*contributes nothing of value to cinema for the past century*
*contributes nothing of value to cinema for the past century*
>he doesn't know about father ted
we're too busy havin the craic
...
They gave you CIA
*blocks your path*
s.mh there's lots of italian cinema
GUESS AGAIN
Butcher Boy and Breakfast on Pluto are fantastic you fag.
Also we have plenty of big actors considering the size of the country
Honestly OP that sentence didnt even need the "to cinema"
umm?
Just wait till next week
...
UMMMMM?
>He thinks Irish people made Father Ted
Give us a chance
we only stopped using potato as currency a few years ago
and elec trickery is relatively new here
>He doesn't know what actors are
well they wrote and starred in it
just cause it was London made don't make it English
what wrong buddy? did your girlfirend get mick'd?
it's an island nation of like 4 million people what do you expect
*haunts your board*
i wish i was irish
...
UMMMMMM
it's really not that great
Fuck off OP
Mona Lisa is still my fave Neil Jordan movie
Just love Hoskins and Caine in it.
Begorrah it's anutha potato shill thread
We were too busy being the absolute GOAT of a far more patrician medium
Fuck off
The English stole all our movies during their rule here
saoirse ronan
father ted
OP being proven right by the likes of this thread
this is fact
oooOOOooo
He's Scottish you fucking cunt
I fucking hate Irish people
lmao
Awful bait faggot
drunken paddy terrorist sympathiser
But you've never met one
I hate you
The only terrorists in the Troubles were the RUC and the British military
boring old piss stained wonky eyed charlatan
“My sweet little whorish Nora I did as you told me, you dirty little girl, and pulled myself off twice when I read your letter.

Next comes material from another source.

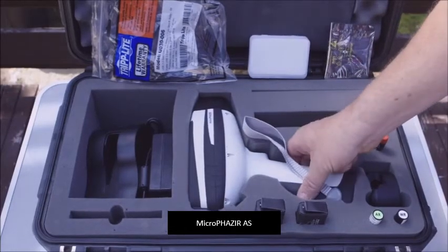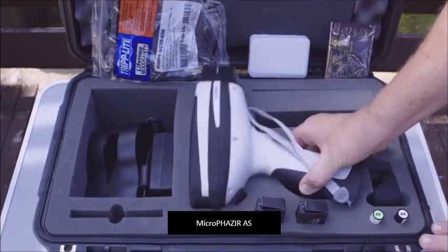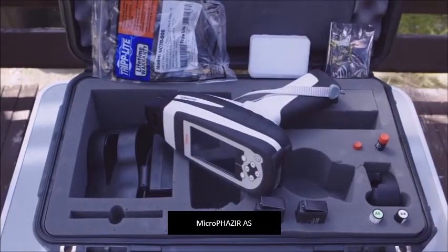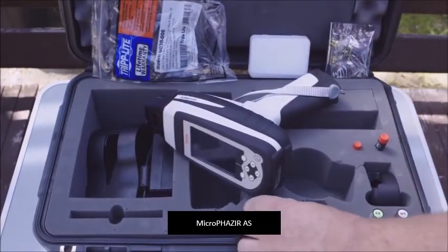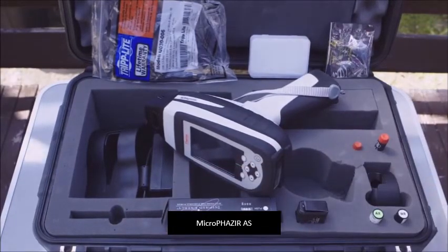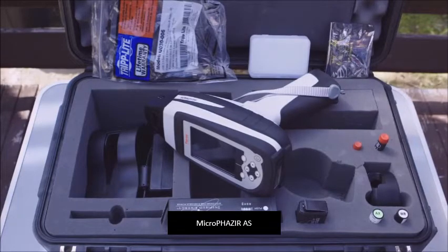Firstly and most importantly we have the actual analyzer itself — this is what will be used to test the asbestos. Secondly we have two batteries; they run for about four hours per battery, so the two together give you a full day's worth of testing.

I am delighted to see that you do like being fucked arseways. Yes, now I can remember that night when I fucked you for so long backwards. It was the dirtiest fucking I ever gave you, darling. My prick was stuck in you for hours, fucking in and out under your upturned rump. I felt your fat sweaty buttocks under my belly and saw your flushed face and mad eyes. At every fuck I gave you your shameless tongue came bursting out through your lips and if a gave you a bigger stronger fuck than usual, fat dirty farts came spluttering out of your backside. You had an arse full of farts that night, darling, and I fucked them out of you, big fat fellows, long windy ones, quick little merry cracks and a lot of tiny little naughty farties ending in a long gush from your hole. It is wonderful to fuck a farting woman when every fuck drives one out of her. I think I would know Nora’s fart anywhere. I think I could pick hers out in a roomful of farting women. It is a rather girlish noise not like the wet windy fart which I imagine fat wives have. It is sudden and dry and dirty like what a bold girl would let off in fun in a school dormitory at night. I hope Nora will let off no end of her farts in my face so that I may know their smell also.
Fucking beat me to it
You say when I go back you will suck me off and you want me to lick your cunt, you little depraved blackguard. I hope you will surprise me some time when I am asleep dressed, steal over to me with a whore’s glow in your slumberous eyes, gently undo button after button in the fly of my trousers and gently take out your lover’s fat mickey, lap it up in your moist mouth and suck away at it till it gets fatter and stiffer and comes off in your mouth. Sometimes too I shall surprise you asleep, lift up your skirts and open your drawers gently, then lie down gently by you and begin to lick lazily round your bush. You will begin to stir uneasily then I will lick the lips of my darling’s cunt. You will begin to groan and grunt and sigh and fart with lust in your sleep. Then I will lick up faster and faster like a ravenous dog until your cunt is a mass of slime and your body wriggling wildly.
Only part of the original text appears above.